Pains of Being Pure at Heart earns buzz from fuzz

The New York indie pop band whose name is so long its acronym is still longer than most other band names – Pains of Being Pure at Heart, or POBPAH – is being talked about non-stop not only in the Blogosphere and Twitterverse, but in some of the largest music magazines in the world like Spin, Rolling Stone and NME.

The band headlined the Starlite Room on Saturday night.

Their rawness, combined with overstretched fuzz, commanding guitars, and the vocals and lyrics of Kip Berman result in a truly powerful music experience. Their live shows are momentous and memorable as well, and to prove it they were invited to perform at three of the largest North American festivals earlier this year – Coachella, Lollapalooza and Osheaga.

After beginning the band’s young life in a 10 minute set at keyboardist Peggy Wang’s birthday party in 2005, the band released its self-titled debut album in 2009. The sophomore album “Belong,” which came out this spring, is heavier than previous efforts. Berman explains, “The album is more immediate, more noisy, more beautiful. We never stopped believing in noise and pop, but now we’ve pushed both further.”

Despite the hype, the band remains nonchalant and self-effacing. During interviews they often steer the discussions towards their favourite bands of the 80’s and 90’s, or food or sports. Berman told one interviewer that his favourite possession was his electric Omelette maker – “it makes perfect omelettes every time! You can’t lose!”
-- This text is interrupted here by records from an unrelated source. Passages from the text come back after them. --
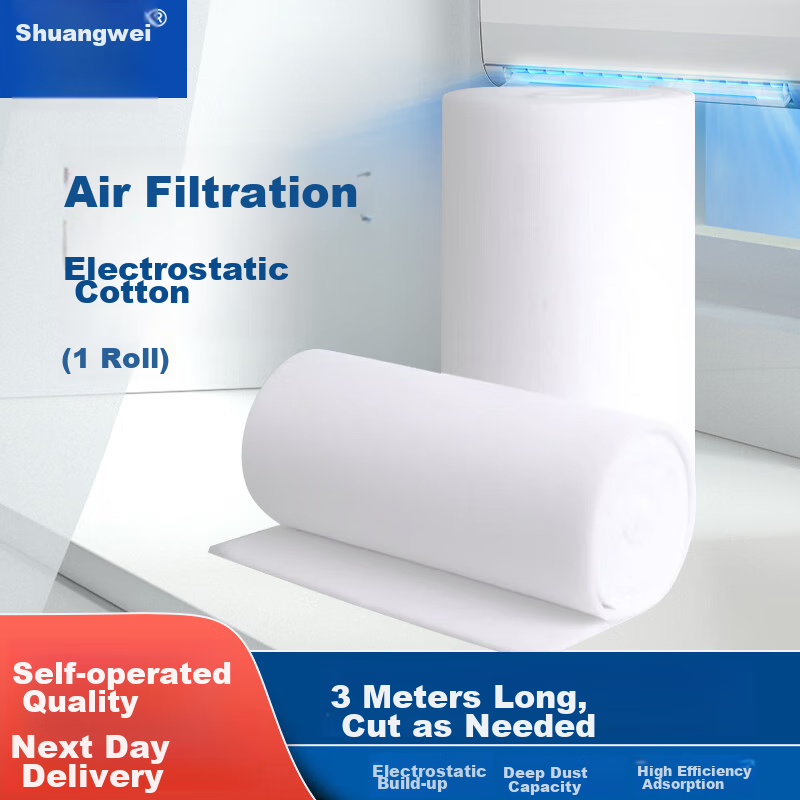 Shuangwei Air Conditioner Filter, Air Static Cotton Filter, Air Filter Element, Air Filter 3-Meter Roll, Also Compatible with Xiaomi, Sharp And Other Purifiers, Can Be Cut to Any Size, One Roll Lasts A Year, K6
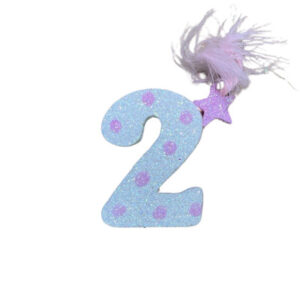 NUMERO MEDIO PLUMA TELGOPOR BLANCO LUNAR ROSA 2 (6cm x5)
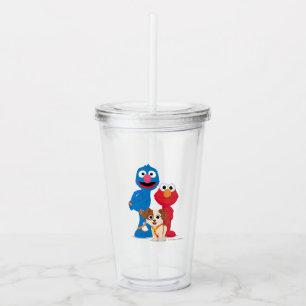 Verre En Acrylique Rue Sésame Tango Avec Grover & Elmo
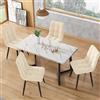 KUAKE Tavolo da pranzo 117x68cm con set di 4 sedie, Tavolo da pranzo rettangolare moderno per cucina, Gambe del tavolo nere (sedia da pranzo beige)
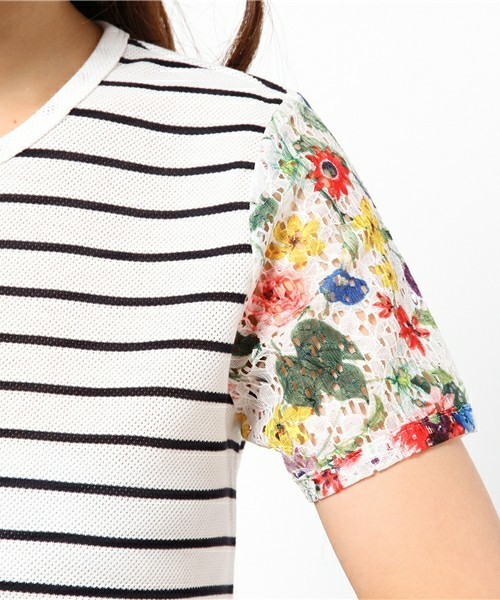 Khaju（カージュ）の「Khaju:フラワーレース×ボーダーワンピース□（ワンピース・レディース・ホワイト/グレー/ネイビー・ONE SIZE）」の8枚目の写真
Opening for POBPAH is another indie quartet named Big Troubles, which also just released its sophomore album, “Romantic Comedy,” earlier this week to critical acclaim and should prove a compelling reason to show up early.

And where did POBPAH’s exceedingly long name come from? Berman has a good friend who wrote a children’s story – as yet unpublished – with the title “The Pains Of Being Pure At Heart”. Now you know.